-- Record set follows --
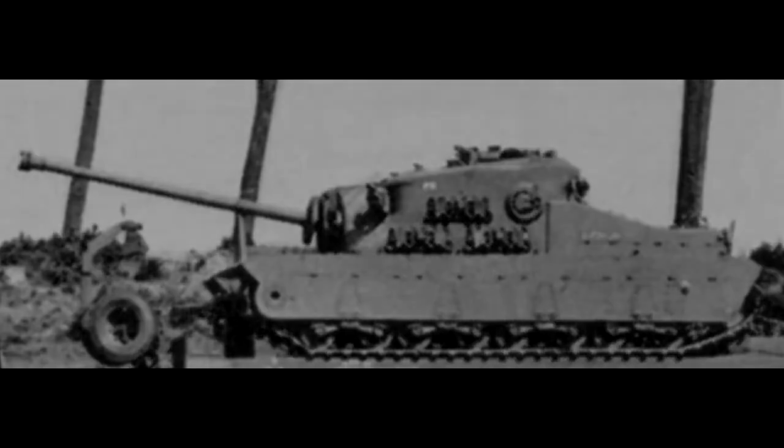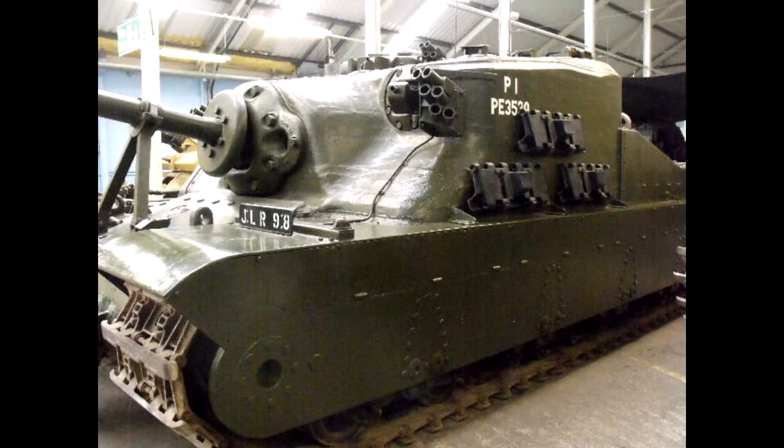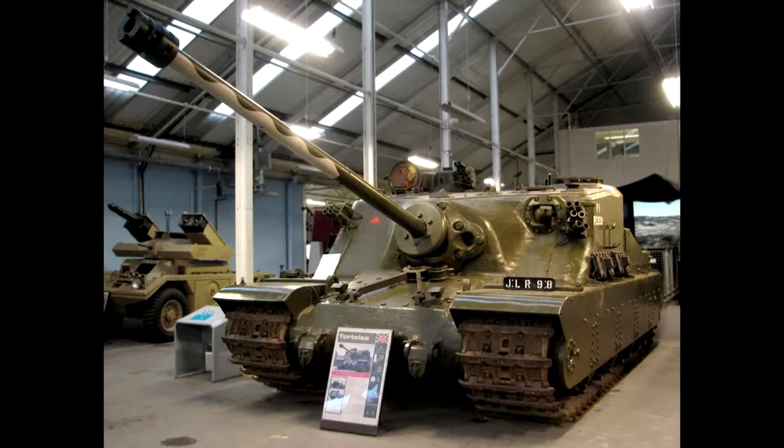Development began in 1944 with the purpose of having armor in mind. It was decided to make the Tortoise without a turret, since the already heavy behemoth could do fine with the 94mm main gun. This gun was able to easily penetrate the German Panther and would have been a problem for the Germans had it gone into mass production.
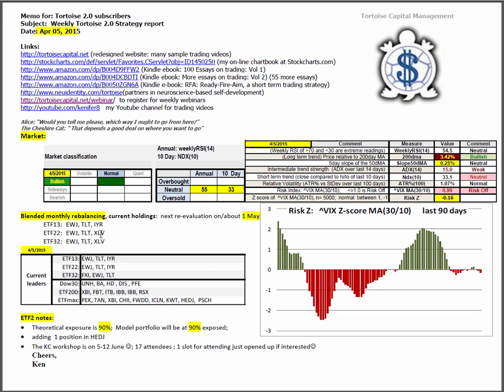Blended month rebalancing — we rebalanced last week into these holdings in these three ETF portfolios, and based on the close on Thursday, these are the current leaders in the various portfolios. In ETF2, the theoretical exposure is at 90%; the model portfolio will also be at 90% after we add a position in HEDJ. Our Kansas City workshop is still on for 5-12 June; we had one slot open up for resident attendants. If you're interested, please email me at longke@yahoo.com and we'll get you set up.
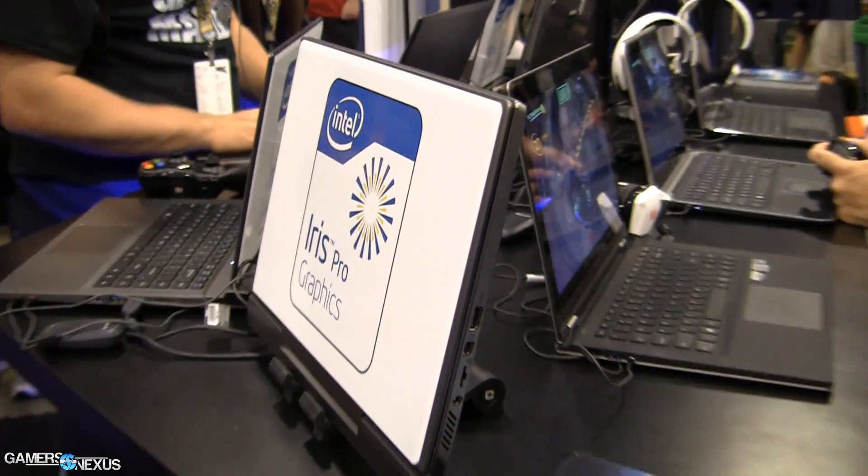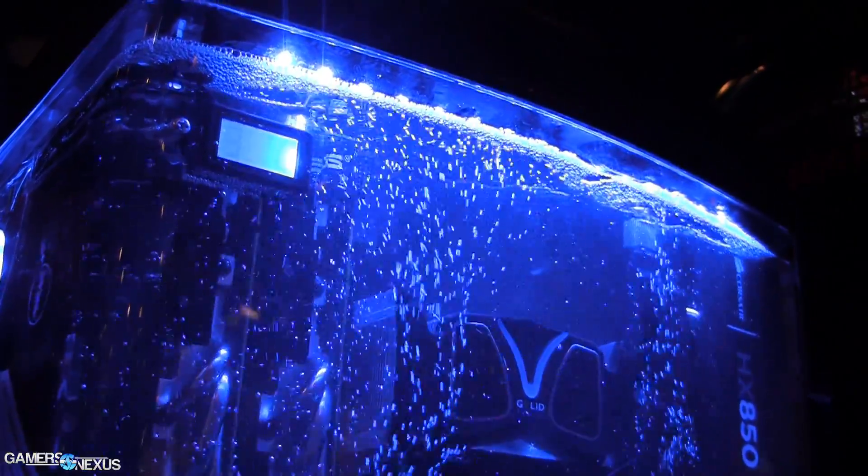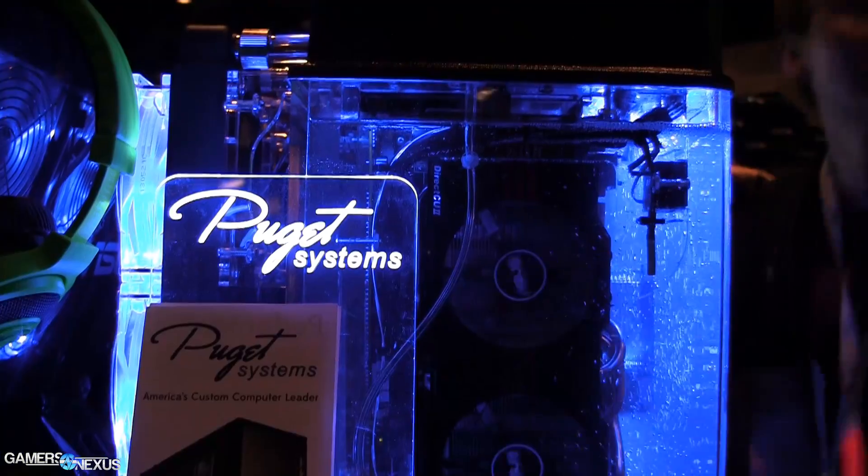Hey everyone, this is Steve from GamersNexus.net, once again at PAX Prime 2013 — this is day two. Last night we published a PAX cast that talked briefly about SSD overclocking, which we did right here in this lab area of the Intel booth. I am joined by Justin Whitney from Intel's SSD marketing division. We're going to be talking more about the SSD overclocking feature, why it's relevant, what you can do with it, and maybe even if you can expect it anytime soon — it is currently in a prototype phase. Justin, can you give me a quick top-level overview of SSD overclocking?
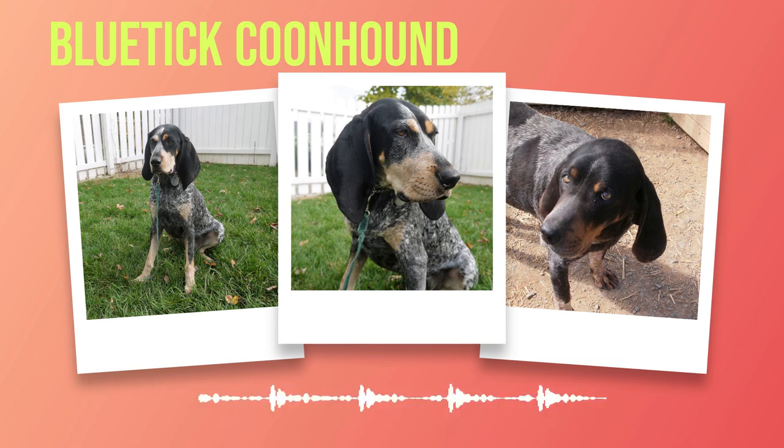Understanding the health concerns specific to Bluetick Coonhounds and providing proper care greatly contributes to their well-being and longevity. Regular vet visits, responsible breeding practices, appropriate exercise routines, mental stimulation activities, and diligent grooming are all key components in ensuring a happy and healthy life for your beloved Bluetick Coonhound companion. While they may face certain health challenges unique to their genetics, with love and care they have the potential for a long and fulfilling life.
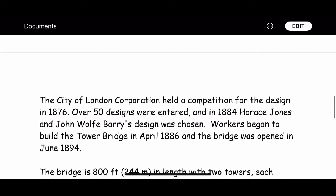Workers began to build Tower Bridge in April 1886, and the bridge was opened in June 1894.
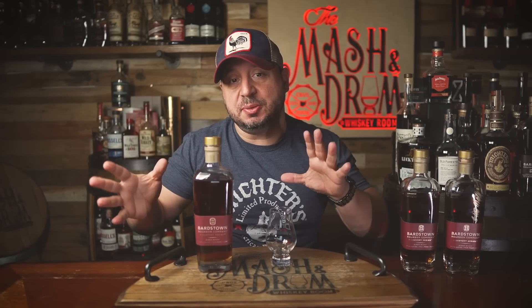Each release these days has a new twist to it. For this one, rare barrels of Kraft Georgia Bourbon are added to the blend. Is it the best discovery of 2022? Let's try it and compare it to seven and eight of this year, right here on the Mash and Drum.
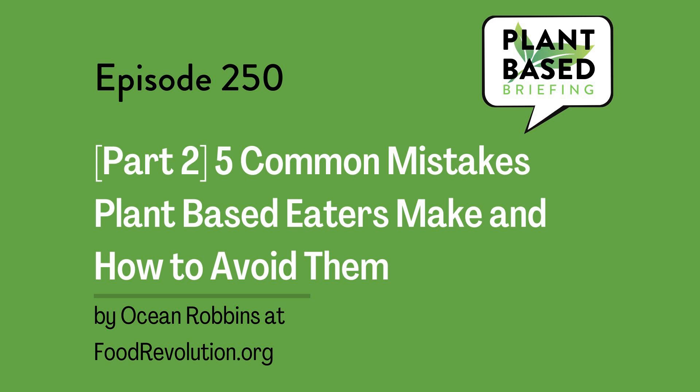This is Plant-Based Briefing. 5 Common Mistakes Plant-Based Eaters Make and How to Avoid Them, Part 2 by Ocean Robbins at FoodRevolution.org. I'm your host Marian Erickson, and this is the second of a two-part post. If you haven't listened to yesterday's yet, go back and listen to that first because we're continuing on where we left off.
-- Record set concluded --
> _What you will do_
Set down word for word the lines above from the one with "Understanding the health" up to and including the one with "Each release these". Omit every picture.

> _Answer section_
Understanding the health concerns specific to Bluetick Coonhounds and providing proper care greatly contributes to their well-being and longevity. Regular vet visits, responsible breeding practices, appropriate exercise routines, mental stimulation activities, and diligent grooming are all key components in ensuring a happy and healthy life for your beloved Bluetick Coonhound companion. While they may face certain health challenges unique to their genetics, with love and care they have the potential for a long and fulfilling life.
Workers began to build Tower Bridge in April 1886, and the bridge was opened in June 1894.
Each release these days has a new twist to it. For this one, rare barrels of Kraft Georgia Bourbon are added to the blend. Is it the best discovery of 2022? Let's try it and compare it to seven and eight of this year, right here on the Mash and Drum.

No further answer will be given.